**Exercise**
Below are records; the lines starting at the one with "خضعت للعلاج ببلازما" and ending at the one with "Renal Carcinoma With" must be reproduced exactly, both included. Pictures must not appear.

**Record excerpts**
* * *

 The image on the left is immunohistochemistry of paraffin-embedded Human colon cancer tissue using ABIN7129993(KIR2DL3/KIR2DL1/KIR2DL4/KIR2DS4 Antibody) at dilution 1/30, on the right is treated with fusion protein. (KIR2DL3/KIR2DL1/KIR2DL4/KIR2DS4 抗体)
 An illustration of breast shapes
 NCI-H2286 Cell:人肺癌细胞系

* * *

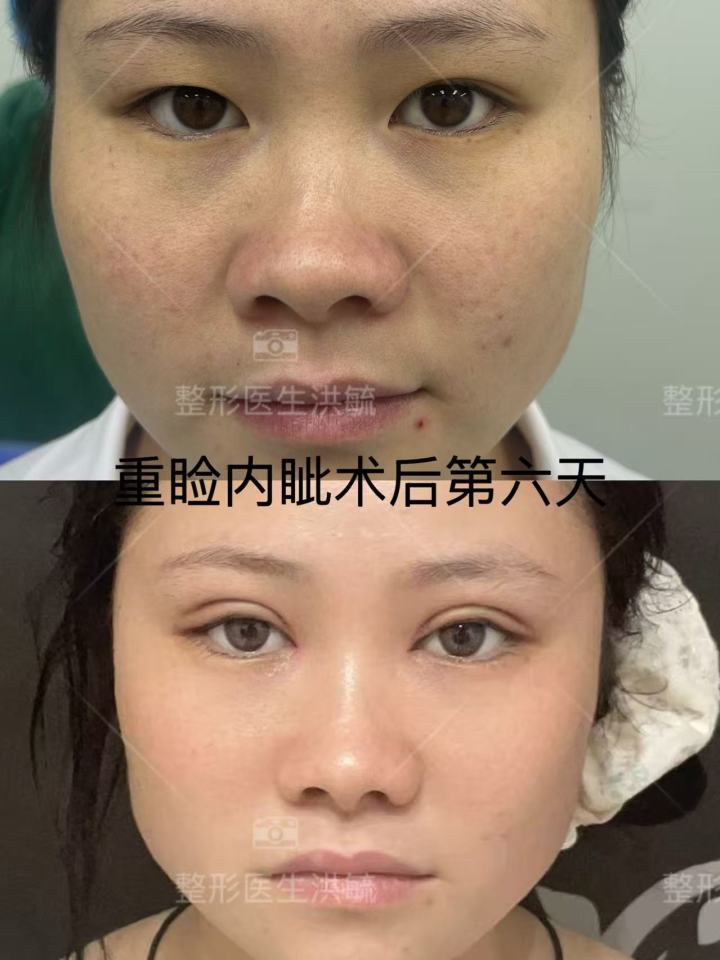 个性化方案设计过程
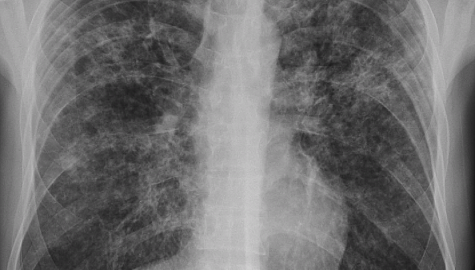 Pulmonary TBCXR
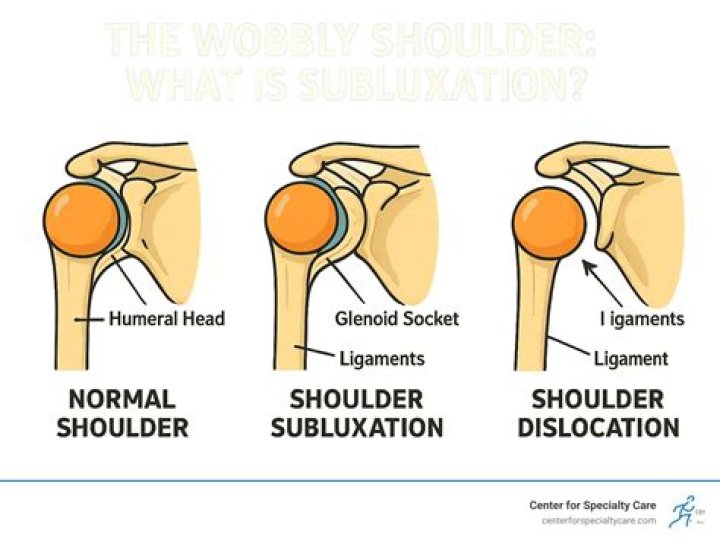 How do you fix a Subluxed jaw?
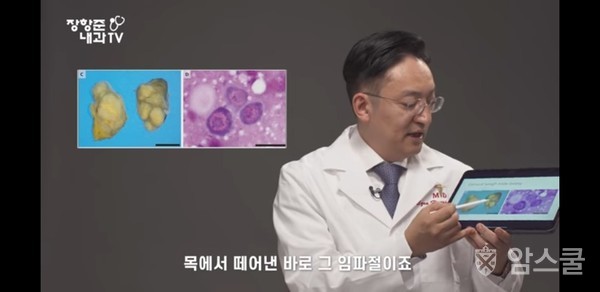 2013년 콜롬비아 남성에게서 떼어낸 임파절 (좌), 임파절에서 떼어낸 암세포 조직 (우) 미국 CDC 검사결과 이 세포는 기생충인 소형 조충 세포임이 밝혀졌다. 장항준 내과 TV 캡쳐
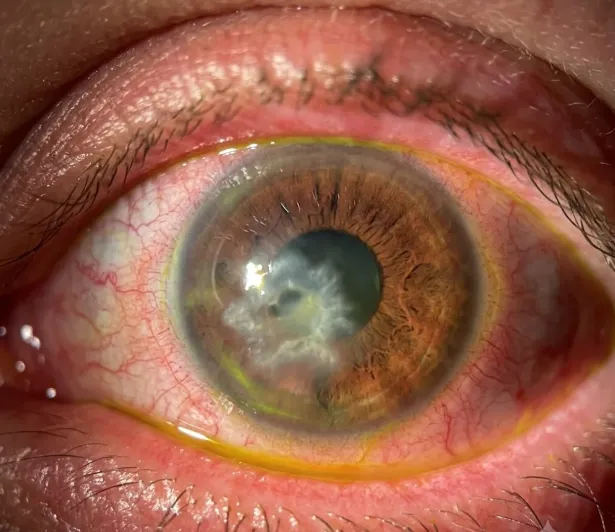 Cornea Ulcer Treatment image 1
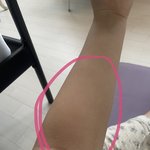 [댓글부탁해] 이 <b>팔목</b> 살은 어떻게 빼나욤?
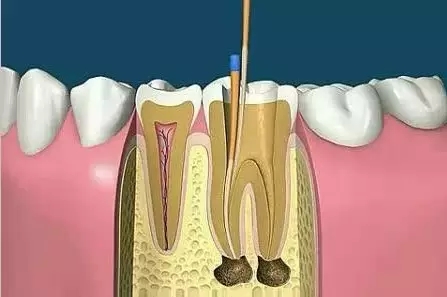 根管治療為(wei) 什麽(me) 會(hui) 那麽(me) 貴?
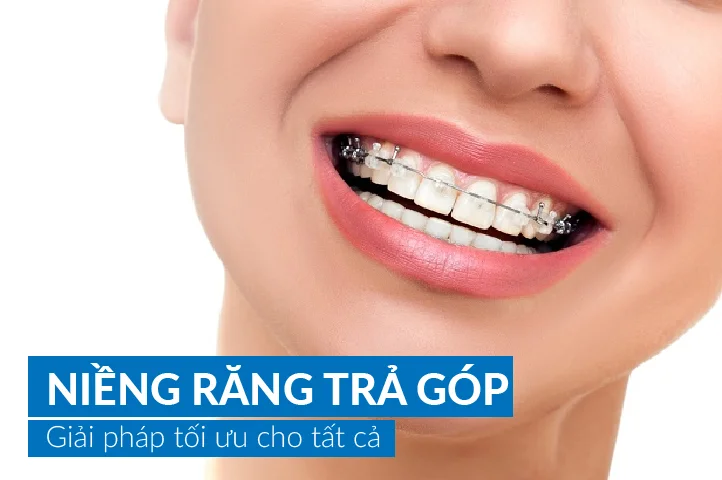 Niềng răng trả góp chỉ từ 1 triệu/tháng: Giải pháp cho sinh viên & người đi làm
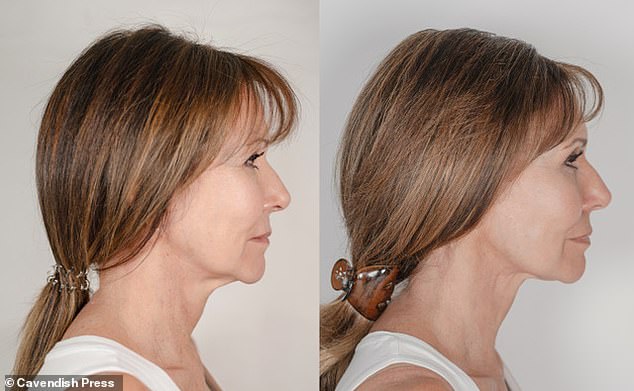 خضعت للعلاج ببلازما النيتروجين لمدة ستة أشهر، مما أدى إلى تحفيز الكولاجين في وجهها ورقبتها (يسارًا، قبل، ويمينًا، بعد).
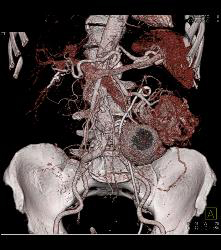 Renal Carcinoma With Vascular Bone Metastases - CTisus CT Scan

* * *

**Response area**
 خضعت للعلاج ببلازما النيتروجين لمدة ستة أشهر، مما أدى إلى تحفيز الكولاجين في وجهها ورقبتها (يسارًا، قبل، ويمينًا، بعد).
 Renal Carcinoma With Vascular Bone Metastases - CTisus CT Scan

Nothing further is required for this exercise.